Foto: Richard Heathcote/Getty Images

UPDATE: Von “Nacht der Schande” bis zum “schönsten Tag unseres Lebens”: Die Reaktionen auf die Rückkehr des 1. FC Köln in den Europapokal vor genau einem Jahr sind zwiespältig ausgefallen. Wir waren damals natürlich live dabei und haben nach Ankunft in Köln berichtet, was passiert und gesammelt was Medien und Fans zur magischen Nacht im Emirates Stadium in London zu sagen hatten. Anlässlich des Jahrestags haben wir den alten Text noch einmal hoch geholt. PS: Auf Seite 3 gibt’s die ganzen Videos von der Stimmung beim Fanmarsch und im Stadion. It brings back good memories.

Text: Thomas Reinscheid / David Schmitz

Wer als nach London gereister Fan des 1. FC Köln nach dem Abpfiff der Partie bei Arsenal das Smartphone bemühte, um die Nachrichten aus der Heimat zu checken, der dürfte sich ziemlich schnell wie einem Paralleluniversum gefühlt haben. Eine „Nacht der Schande“ hätten die effzeh-Fans rund um das Emirates bereitet, Deutschland, Köln und seinen glorreichen Fußball-Club bis auf die Knochen blamiert und für schreckliche Szenen gesorgt.

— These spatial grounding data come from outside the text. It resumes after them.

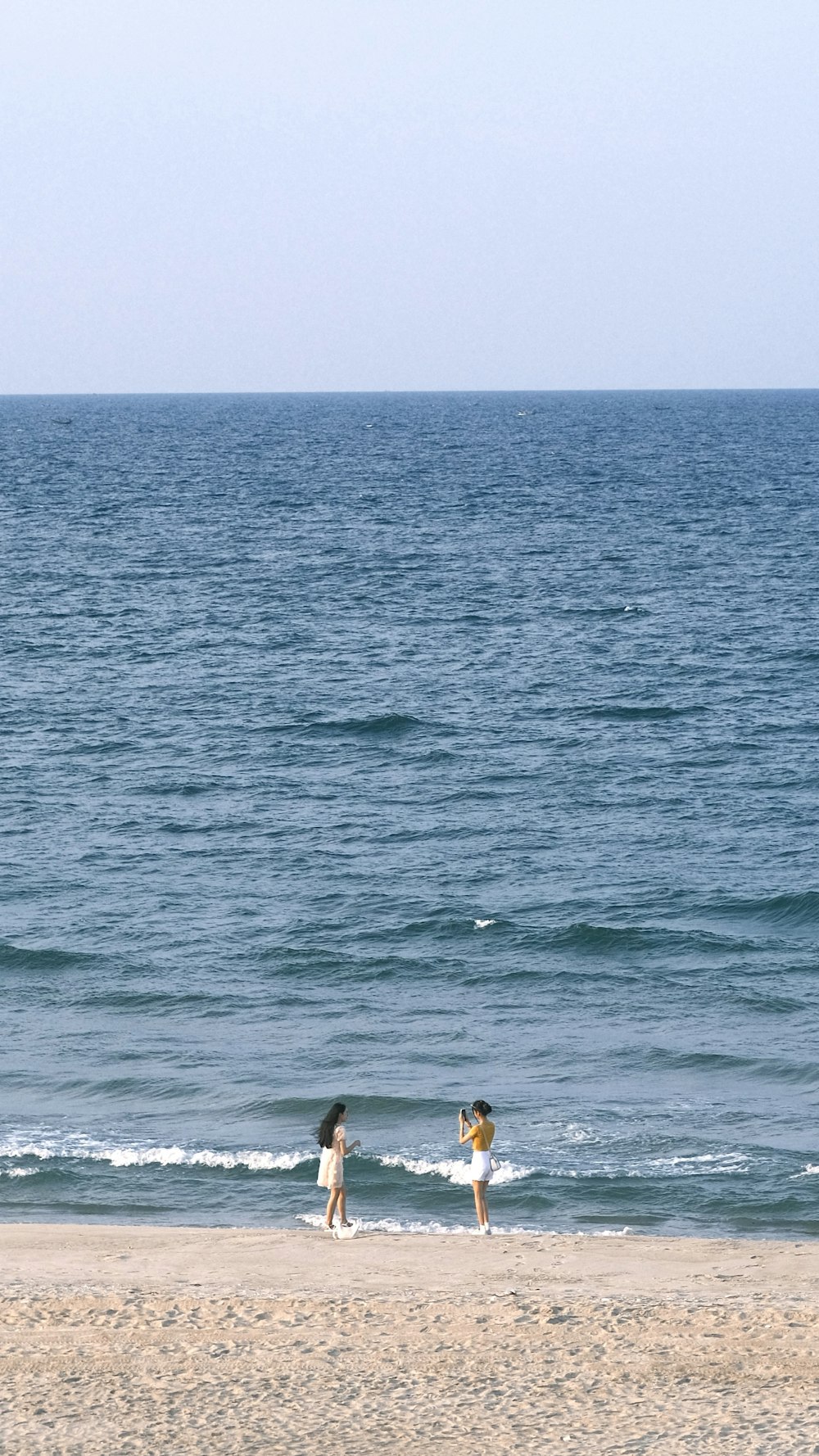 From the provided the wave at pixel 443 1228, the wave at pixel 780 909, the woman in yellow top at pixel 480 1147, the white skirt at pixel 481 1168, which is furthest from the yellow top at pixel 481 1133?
the wave at pixel 780 909

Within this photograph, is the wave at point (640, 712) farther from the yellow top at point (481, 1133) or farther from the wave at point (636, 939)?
the yellow top at point (481, 1133)

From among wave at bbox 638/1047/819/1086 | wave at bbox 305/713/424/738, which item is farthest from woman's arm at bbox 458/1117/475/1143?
wave at bbox 305/713/424/738

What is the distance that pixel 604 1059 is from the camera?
85.4ft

Deutschlands größtes Boulevardblatt zog beispielsweise mit verwackelten Handybildern und der vorgefertigten Geschichte in die Schlacht. Blocksturm, Schlägereien, Randale, verzögerter Spielbeginn: Die hässlich-gewaltverzerrte Fratze des Fußballs, die ein Kölner Gewaltmob am Donnerstagabend der Öffentlichkeit präsentierte. Schnell zogen neben der notorisch wahrheitsfernen Yellow Press auch die „fanfreundlichen“ Medien aus der Domstadt nach, wussten bereits vor allen Beteiligten, wer Übeltäter und Sündenbock zugleich war.

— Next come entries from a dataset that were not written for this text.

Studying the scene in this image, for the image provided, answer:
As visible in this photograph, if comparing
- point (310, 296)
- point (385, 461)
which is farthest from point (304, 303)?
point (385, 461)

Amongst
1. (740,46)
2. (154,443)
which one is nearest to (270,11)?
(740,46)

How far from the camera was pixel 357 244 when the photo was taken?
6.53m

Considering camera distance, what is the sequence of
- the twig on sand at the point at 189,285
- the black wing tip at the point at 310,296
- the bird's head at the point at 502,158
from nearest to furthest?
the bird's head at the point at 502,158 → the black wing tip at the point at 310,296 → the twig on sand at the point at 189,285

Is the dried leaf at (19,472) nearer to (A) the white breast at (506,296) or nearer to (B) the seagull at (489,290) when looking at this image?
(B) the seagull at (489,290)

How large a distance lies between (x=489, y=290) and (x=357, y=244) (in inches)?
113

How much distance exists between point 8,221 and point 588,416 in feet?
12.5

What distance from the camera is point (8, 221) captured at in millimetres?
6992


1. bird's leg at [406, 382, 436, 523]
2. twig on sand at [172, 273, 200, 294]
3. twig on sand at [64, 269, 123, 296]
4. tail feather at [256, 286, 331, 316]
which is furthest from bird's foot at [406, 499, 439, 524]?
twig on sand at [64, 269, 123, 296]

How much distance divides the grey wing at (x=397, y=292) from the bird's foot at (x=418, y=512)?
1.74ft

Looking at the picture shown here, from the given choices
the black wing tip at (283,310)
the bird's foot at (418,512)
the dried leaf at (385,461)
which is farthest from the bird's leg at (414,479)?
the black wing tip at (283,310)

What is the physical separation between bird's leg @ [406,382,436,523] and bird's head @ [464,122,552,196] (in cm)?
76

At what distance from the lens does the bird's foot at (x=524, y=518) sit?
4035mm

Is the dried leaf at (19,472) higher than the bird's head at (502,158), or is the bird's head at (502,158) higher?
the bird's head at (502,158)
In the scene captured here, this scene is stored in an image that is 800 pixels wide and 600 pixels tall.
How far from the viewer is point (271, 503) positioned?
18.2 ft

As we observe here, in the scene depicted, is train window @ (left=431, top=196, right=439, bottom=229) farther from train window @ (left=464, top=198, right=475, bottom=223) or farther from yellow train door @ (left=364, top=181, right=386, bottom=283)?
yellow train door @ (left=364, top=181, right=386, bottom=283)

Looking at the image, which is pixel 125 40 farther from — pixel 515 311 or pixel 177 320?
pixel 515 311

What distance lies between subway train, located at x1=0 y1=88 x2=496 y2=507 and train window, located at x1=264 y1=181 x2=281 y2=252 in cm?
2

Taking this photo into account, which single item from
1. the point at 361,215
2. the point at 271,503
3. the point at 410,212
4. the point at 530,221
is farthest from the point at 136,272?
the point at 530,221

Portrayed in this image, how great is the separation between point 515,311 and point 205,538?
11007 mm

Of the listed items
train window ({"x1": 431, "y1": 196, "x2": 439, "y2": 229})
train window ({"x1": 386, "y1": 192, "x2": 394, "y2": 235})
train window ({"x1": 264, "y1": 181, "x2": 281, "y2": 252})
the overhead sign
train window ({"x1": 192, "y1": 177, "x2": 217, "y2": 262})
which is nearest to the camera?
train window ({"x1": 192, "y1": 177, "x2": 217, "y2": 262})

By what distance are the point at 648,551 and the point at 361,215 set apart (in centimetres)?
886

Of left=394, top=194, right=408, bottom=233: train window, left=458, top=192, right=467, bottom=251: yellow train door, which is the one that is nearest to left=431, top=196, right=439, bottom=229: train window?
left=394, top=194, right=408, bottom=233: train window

Olympiakandidaten im Zurückrudern

Noch bevor der Wettstreit auf dem Rasen überhaupt angepfiffen wurde, war der für so manchen weit wichtigere Wettstreit längst entschieden. Im Kampf um die Deutungshoheit hieß der Schlachtruf: Skandal im Sperrbezirk! Erst in der Nacht und den frühen Freitagsstunden mischte sich Differenzierung in all das tumbe Geschrei, kamen angenehm wohltuend abwägende Stimmen zu Wort, die sich erst informieren und dann Geschichten schreiben. Wäre Zurückrudern eine Olympische Disziplin, einige Goldkandidaten hätten sich nach dem Europapokal-Comeback des 1. FC Köln herauskristallisiert.

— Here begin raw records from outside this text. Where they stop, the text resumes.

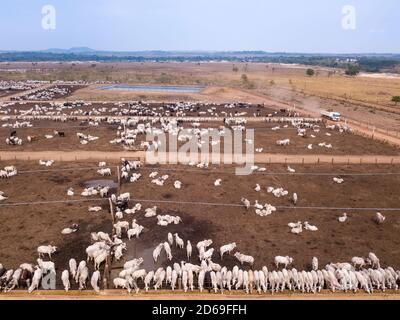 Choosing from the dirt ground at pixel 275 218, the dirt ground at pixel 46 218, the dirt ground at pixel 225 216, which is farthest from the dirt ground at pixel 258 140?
the dirt ground at pixel 46 218

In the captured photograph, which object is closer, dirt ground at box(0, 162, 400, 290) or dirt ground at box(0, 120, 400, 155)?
dirt ground at box(0, 162, 400, 290)

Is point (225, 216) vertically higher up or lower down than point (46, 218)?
lower down

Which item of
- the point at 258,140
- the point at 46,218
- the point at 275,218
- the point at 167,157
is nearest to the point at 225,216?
the point at 275,218

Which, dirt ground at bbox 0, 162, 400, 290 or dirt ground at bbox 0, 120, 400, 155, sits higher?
dirt ground at bbox 0, 120, 400, 155

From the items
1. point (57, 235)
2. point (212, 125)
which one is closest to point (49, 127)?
point (212, 125)

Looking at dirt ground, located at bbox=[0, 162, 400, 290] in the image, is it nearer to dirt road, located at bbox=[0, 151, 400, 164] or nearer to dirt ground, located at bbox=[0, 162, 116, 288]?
dirt ground, located at bbox=[0, 162, 116, 288]

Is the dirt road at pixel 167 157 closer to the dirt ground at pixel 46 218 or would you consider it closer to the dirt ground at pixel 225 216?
the dirt ground at pixel 225 216

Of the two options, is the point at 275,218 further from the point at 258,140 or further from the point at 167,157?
the point at 258,140

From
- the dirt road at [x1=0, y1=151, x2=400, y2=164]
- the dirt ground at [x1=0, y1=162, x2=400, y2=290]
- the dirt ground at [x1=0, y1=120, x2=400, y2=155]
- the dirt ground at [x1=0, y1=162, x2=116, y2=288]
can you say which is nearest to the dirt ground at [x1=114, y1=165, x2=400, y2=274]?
the dirt ground at [x1=0, y1=162, x2=400, y2=290]

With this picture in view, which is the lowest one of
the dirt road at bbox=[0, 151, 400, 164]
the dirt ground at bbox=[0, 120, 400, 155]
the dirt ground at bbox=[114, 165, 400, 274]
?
the dirt ground at bbox=[114, 165, 400, 274] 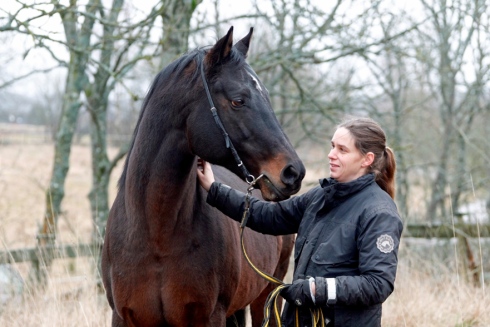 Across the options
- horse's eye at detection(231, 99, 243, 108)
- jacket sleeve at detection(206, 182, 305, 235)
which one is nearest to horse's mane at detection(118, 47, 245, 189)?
horse's eye at detection(231, 99, 243, 108)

Was war eigentlich passiert? 20.000 Kölner feierten ein Fußballfest in der englischen Hauptstadt und machten Nordlondon zu einer Jeckenhochburg. Auf das muntere Treiben zeigte sich der Gastgeber derweil überhaupt nicht vorbereitet. Circa 110 Polizisten waren zunächst eingeteilt, eine etwaig problematische Situation in Schach zu halten. Denn: Nur 2900 Tickets hatten die Engländer dem effzeh zugeteilt, der Andrang war deutlich größer. Als Kölner in den Heimbereich? Nicht gestattet! Dennoch wollten zahllose effzeh-Fans ihr Glück versuchen.

Konfuse Gastgeber, entspannte Polizei

Angekommen am Emirates präsentierten sich die Gastgeber völlig konfus. Eilig aufgestellte Bauzäune sollten den Andrang mindern, dazu sollten Fans ohne Ticket aussortiert werden. Einigen Anhängern wurde das zu bunt – eine Eskalation der Situation drohte. Die Beschreibung der kurz danach folgenden kurzen wie überflüssigen Auseinandersetzung reicht von „versuchtem Blocksturm“ bis hin zu „leichter Schubserei“. Auch im Stadion brannten die Sicherungen durch: Wenige effzeh-Fans versuchten in den Gästebereich zu gelangen, wurden aber nach einem Schlagabtausch mit den Stewards abgewiesen.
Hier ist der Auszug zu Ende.